Another SLO grocery store facing closure

October 22, 2015

Fresh & EasyIn addition to the possible closures of several San Luis Obispo County Haggen grocery stores, Fresh & Easy is also planning to close its Broad Street store. Fresh & Easy announced Wednesday plans to close or sell the 97 Fresh & Easy stores located in California, Nevada and Arizona.

Employees of the Fresh & Easy stores in San Luis Obispo, Orcutt and Santa Barbara recently received layoff notices. The stores are slated to begin liquidation and closures within the next few weeks.

In 2012, the San Luis Obispo County’s only Fresh & Easy Neighborhood Market opened in San Luis Obispo amid much fanfare. At the time, Tesco marketed the store as having Trader Joe’s type specialty foods with Walmart prices, a claim deemed inaccurate by many.

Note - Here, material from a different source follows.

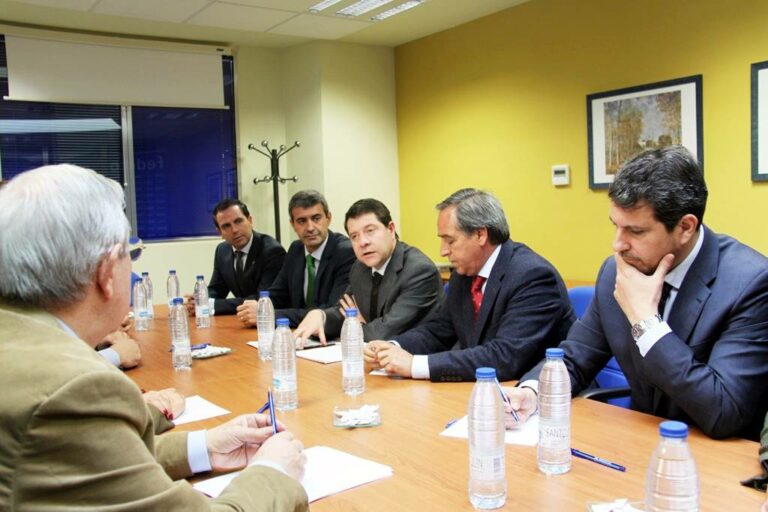 Page anuncia “un gran Pacto Económico y Social en C-LM”, en caso de ganar en mayo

In 2013, a San Diego County Judge ordered Tesco, the owner of Fresh & Easy grocery stores, to pay more than $800,000 to settle a lawsuit claiming the chain charged higher prices than were posted on store shelves or advertised in circulars. The Fresh & easy grocery chain has been a financial failure since it opened its first store in 2007.

The Central Coast Fresh & Easy stores are in line to be liquidated at approximately the same time Haggen stores are shutting down. Of the six San Luis Obispo County Haggen stores, Smart & Final has made offers to purchase the stores on Johnson Avenue in San Luis Obispo, Creston Road in Paso Robles and El Camino Real in Atascadero.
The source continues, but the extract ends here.